Víctor Gómez Pin
Un eminente físico de nuestros días, a cuyo nombre se asocian experimentos de un tremendo peso a la hora de intentar entender realmente los mecanismos que rigen el orden natural, confesaba su ignorancia en relación a algunos de las referencias clave de la historiografía filosófica., entre ellas algún pensador pre-socrático del que (tras la vacua información recibida en los años escolares) había olvidado casi hasta el nombre. Ello no fue óbice para que se sintiera inmediatamente interesado cuando se le dijo que las preocupaciones del pensador griego no eran muy alejadas de sus propias reflexiones sobre las consecuencias de sus descubrimientos en física, y que con una suerte de inocencia le llevan a responder a una interlocutora: "Me gusta decir, que hay dos libertades: nuestra libertad y la libertad de la naturaleza. Nosotros somos libres de preguntarle a la naturaleza lo que queramos, pero la naturaleza también tiene la libertad de darnos las respuestas que quiera, sin olvidarnos que nuestra pregunta limita las posibles respuestas que la naturaleza puede darnos".
Lo que homologa al físico austriaco Anton Zeilinger con algunos de los pensadores de la Grecia presocrática es de alguna manera la manera ingenua de abordar las cuestiones más tremendas, las cuestiones literalmente metafísicas, convencido como está de que "siempre es más importante la pregunta de nuestros hijos que nuestra respuesta", y siendo obvio que tras el niño que se interroga no se esconde la motivación del erudito
El planteamiento ingenuo de interrogaciones está mal considerado por el mundo cultural y desde luego por el académico. Se ha instalado subrepticiamente la idea de que para tener derecho a avanzar alguna de las interrogaciones que ocupan a filósofos, científicos, artistas, o a todos a la vez, hay ya de entrada que estar bien informado. Más que ser una persona tensada por lo desconocido e inquieta sobre su ser y su entorno, se exige de entrada ser una persona culta y hasta una persona erudita. Esto alcanza, desde luego, al mundo académico: un especialista en genética, por ejemplo, no sólo se siente incompetente para emitir una opinión sobre algún interrogante de interés general pero técnicamente objeto de la física, sino para formular el interrogante mismo, siendo obviamente cierta la recíproca, es decir, el temor a meter la pata del físico tratándose de uno de los abismos filosóficos a los que conduce la genética.
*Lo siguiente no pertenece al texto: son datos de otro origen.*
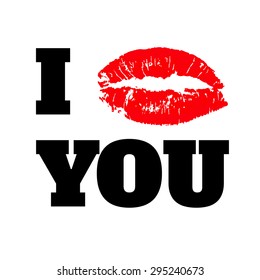 I LOVE YOU black text with red lips print on white background vector illustration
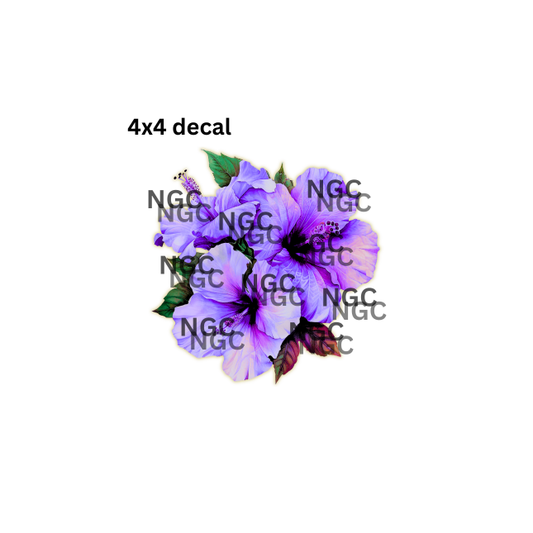 decal purple hibiscus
Se presupone que la información ha de preceder a la interrogación…incluso tratándose de las interrogaciones más universales, cuya temática concierne a todos y cada uno de los humanos (otra cosa es que-como hemos visto- se hayan visto forzados a repudiar de sus vidas tales interrogaciones). Ante este estado de cosas, se impone tomar posición:
Cabe eventualmente sentirse abrumado por la complejidad de los instrumentos con los que especialistas de una u otra materia (también curiosamente los filósofos, que no son especialistas de materia alguna, aunque deban alimentarse de muchas) abordan ciertos problemas cuyo origen es sin embargo muy elemental, pero no hay en absoluto que sentirse abrumado ante la cuestión misma, que no sólo todo el mundo está en condiciones potenciales de abordar, sino que probablemente ya ha abordado alguna vez. La formulación de una interrogación cabalmente filosófica nunca puede ser sofisticada en los términos. Ejemplo:
¿Hay o no hay una realidad física exterior, que seguirá tras mi eventual desaparición y la desaparición de todos los demás humanos, cuya percepción de esa realidad coincide aparentemente con la mía? Los instrumentos para responder en uno u otro sentido a esta pregunta cubren hoy miles y miles de páginas de sesudas revistas filosóficas o científicas y han sido esgrimidos como armas por algunos de los científicos más importantes del siglo veinte…pero la pregunta sigue siendo sencillísima y todo el mundo es susceptible de sentirse interpelado por la misma, hasta el punto quizás de que, si su vida material y social se lo permitiera, acuciado por tal interrogación, empezaría a ahondar en los escritos eruditos, y se dotaría de los argumentos para entenderlos. Disposición de espíritu por la cual la erudición misma alcanzaría un sentido, pues se mostraría como instrumento para lo que realmente importa y no como fin en sí. Reitero la tesis, clave en esta reflexión: la información es no sólo válida, sino imprescindible cuando constituye un arma para abordar un objetivo esencial; pero disponer de información por el hecho de estar informado no tiene más interés que el que tiene para un saco estar lleno de patatas o de piedras. Pero el espíritu humano no es un mero recipiente, esa tabula rasa a la que se refiere críticamente Steven Pinker. El espíritu humano es una estructura en la que se articulan múltiples facultades que pugnan por desplegarse y el primer objetivo ha de ser precisamente el de vencer la inercia que impide tal despliegue.